3. DESIGN PRINCIPLE FOR THE 2-PORT ROUTER In order to achieve fast convergence we first explain the

   basic design features of 2 port router as follows.

   1. Each router in the Campus Network has two ports which connect two different LANs. The two ports of thet router on its two adjacent LANs are called the Conjugate_ Port of each other while a port on any given LAN is called the adjacent_ port of every other port on that same LAN. Two routers are called Adjacent_Routers of each other if one port of each of these two routers are adjacent port on a LAN. The other two ports of the two routers will be connected to two other LANs, because parallel connection of two routers is ruled out in our design.
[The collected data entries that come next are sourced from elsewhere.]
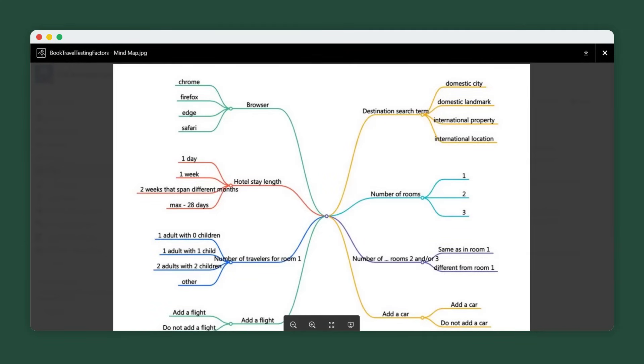Even in this simple case, we can see the numerous paths a QA team member could take. There are more than 6,000 possibilities, yet with Test Case Designer we can create a thorough test suite within minutes.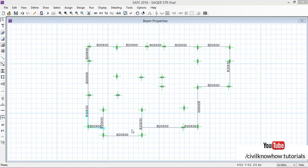After assigning the beams, we move on to importing the slab. One important tip: the slab must be the last element you import. If you import the slab first, it will be difficult to assign properties for columns and beams because clicking will select the slab instead, making it more complicated. So the correct order is: first import the columns, then the beams, and finally the slab.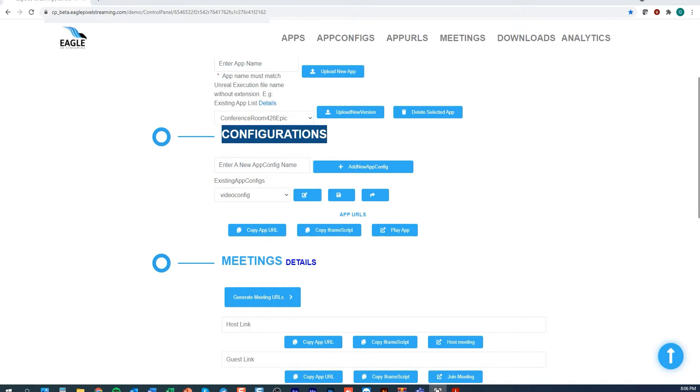Hello everyone and welcome to this Eagle 3D streaming demonstration on how to set a config file. So first question, what is a config file?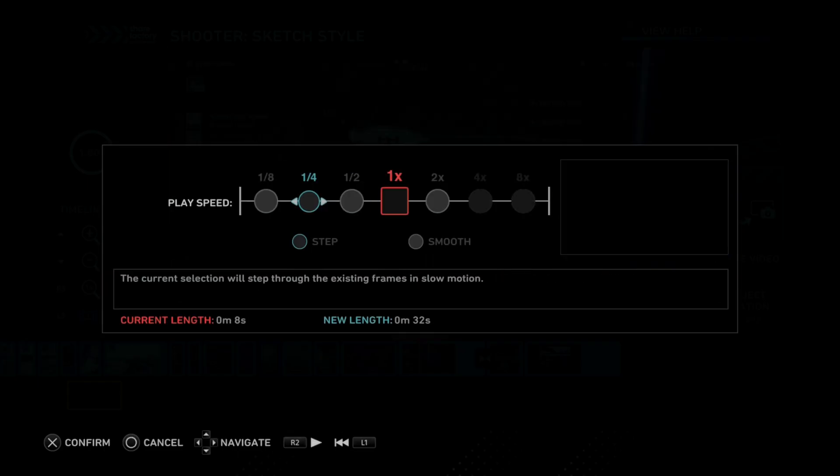Now if you go to 1/8th, 1/4th, and 1/2, this is going to slow down. If you go to two times, this is going to speed up.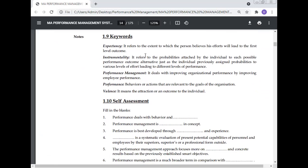Keywords: Expectancy — refers to the extent to which a person believes their efforts will lead to a first-level outcome. Instrumentality — refers to the probability assigned by an individual to each possible performance outcome alternative. Performance management — deals with improving organizational performance by improving employee performance. Behavior — actions that are relevant to the goals of the organization. Valence — the attraction or value of an outcome to the individual.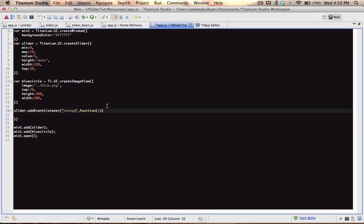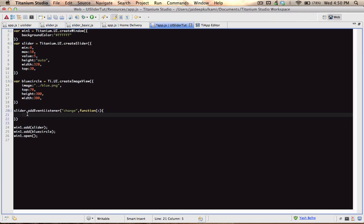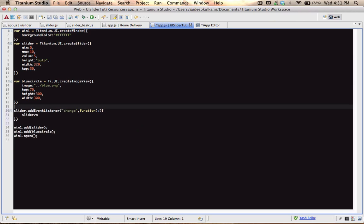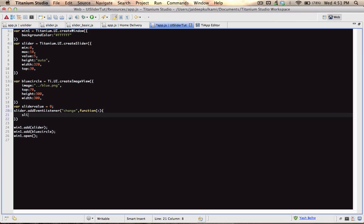So if I slid the slider from right to left, it's going to trigger this event listener. There's also 'function e' — just include that in your code for now, and you'll understand it as you progress with this tutorial. We'll ask the event listener what the value of the slider was changed to. I'm going to create a new variable called 'sliderValue' and keep it equal to zero.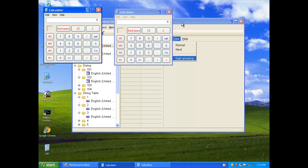So, yes, that is how you modify properties of an executable using resource editors. Thank you for watching.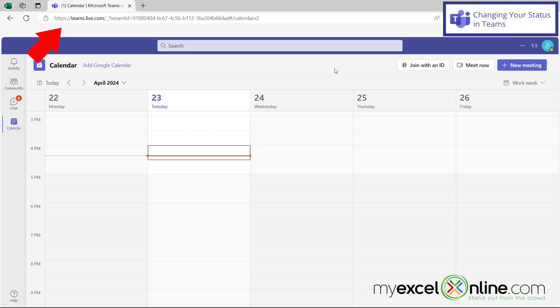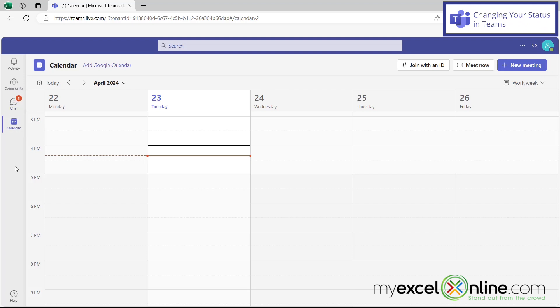I've gone to teams.microsoft.com, logged in, and here is my Teams environment. You can do this on any window, whether it's the activity window, the community window, your calendar, or the chat window, because we're going to go over to this icon that tells you about your Microsoft information.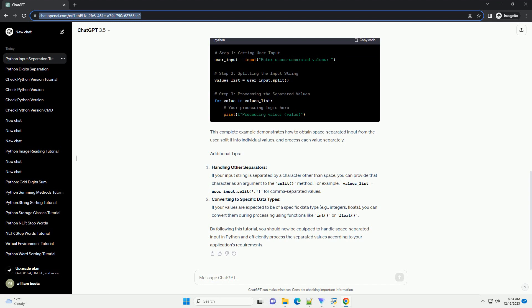Step 2: Splitting the Input String. The split method is used to break the input string into a list of substrings based on whitespace. If no arguments are provided to split, it uses any whitespace character (example: space, tab, newline) as the separator.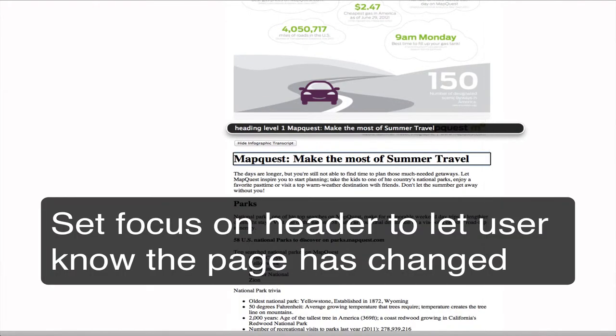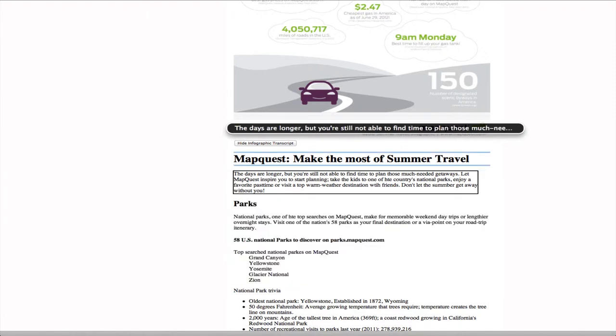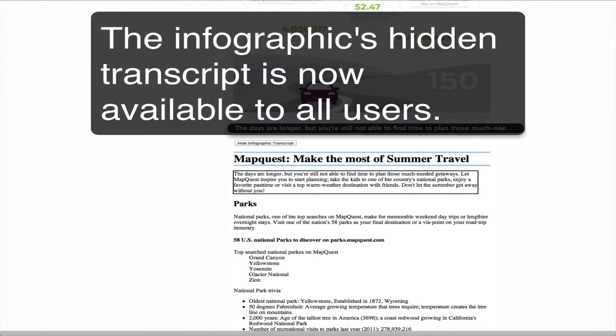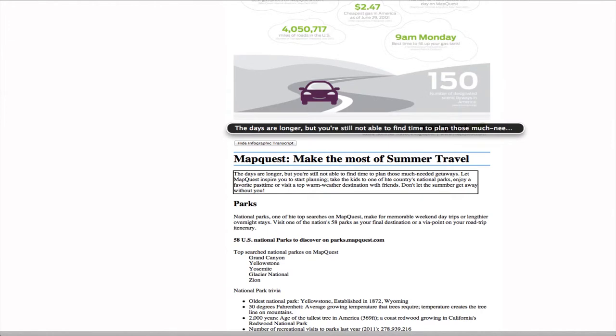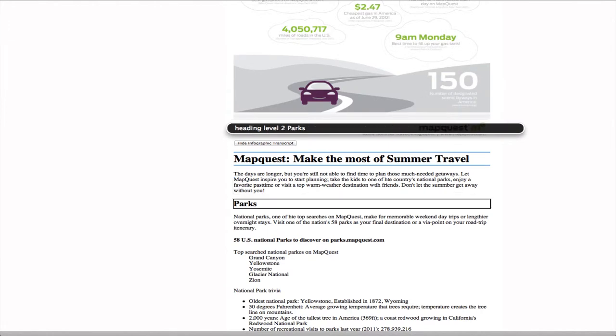MapQuest: Make the most of summer travel. The days are longer, but you're still not able to find time to plan those much-needed getaways. Let MapQuest inspire you to start planning. Take the kids to one of the country's national parks, enjoy a favorite pastime, or visit the top warm-weather destinations with friends. Don't let the summer get away without you.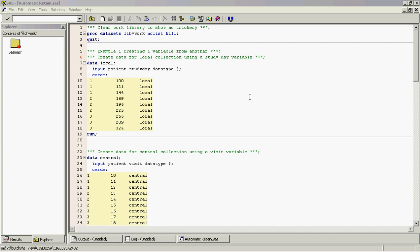Hello, this is Sean Butcher from Novartis. The purpose of this video is to present a scenario where SAS provides unexpected results by automatically retaining variables, and to provide a few simple solutions to this problem. The issue arises when multiple datasets are being set together and a variable that doesn't exist in all of the datasets is being populated in records that come from a dataset that doesn't have the variable originally.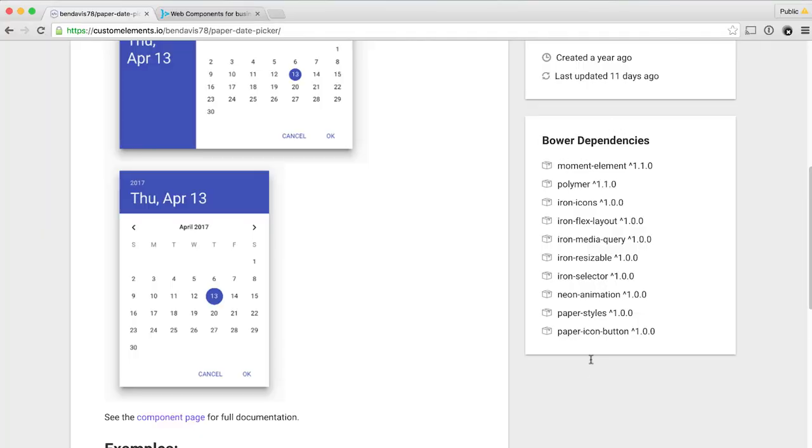Also, we've got the list of Bower dependencies down here on the right-hand side. It's really valuable because I want to know — is this thing depending on the latest version of Polymer? At least Polymer 1.0 and some version above that. I don't want an element that is Polymer 0.5 or 0.3 or anything — that's just not going to work in my app. Having all of this information at your disposal every time you check out one of these elements is a huge benefit, and one of the main reasons why I think everyone should be using customelements.io.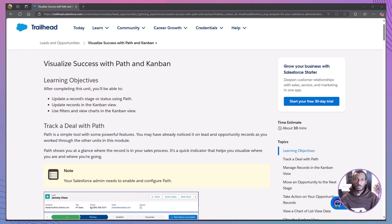Hello everyone, and welcome back to The Declarative Academy, your go-to channel for all things Salesforce Trailhead. If you're new here, make sure to hit that subscribe button and join our growing community of Salesforce Trailblazers.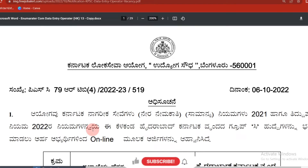Hello everyone, welcome to Karnataka Lok Seva Ayoga, Bangalore. This is KPSC's first name.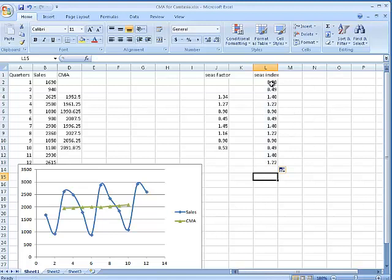So it's saying quarter one: 90 percent, 90 percent, 90 percent for each year. On the average, quarter one is only 90 percent of norm. Quarter two is way down generally. Quarter three on the average is way up, and quarter four on the average is up but not quite as high as quarter three.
Thus each router can have two sets of adjacent-Routers, one set for each adjacent LAN.

   2. Each router has one processor and a buffer to store its routing table. Being two-port router, it has no switching fabric and each port acts as an I/O port.

   3. Each router employs the concepts of the well known Distance Vector Routing Algorithm (DVRA) to build and maintain the Steady State Routing Table (SSRT) for its two adjacent LANs which are peer LANs by exchanging routing information with its adjacent-routers on each of the two adjacent LANs[8]. LAN-to-LAN hop count is used as the path distance metric for determining the shortest path. SSRT exchange is carried out between each port and its conjugate port on one hand and between adjacent port on eachhcp LAN, on

      the other. It should be noted that since hop count is used as the distance metric, the distances in the DVRA change only with topological changes like a new router joining the internet or an existing router fails or is withdrawn from the internet. Traffic changes have no effect on the routing.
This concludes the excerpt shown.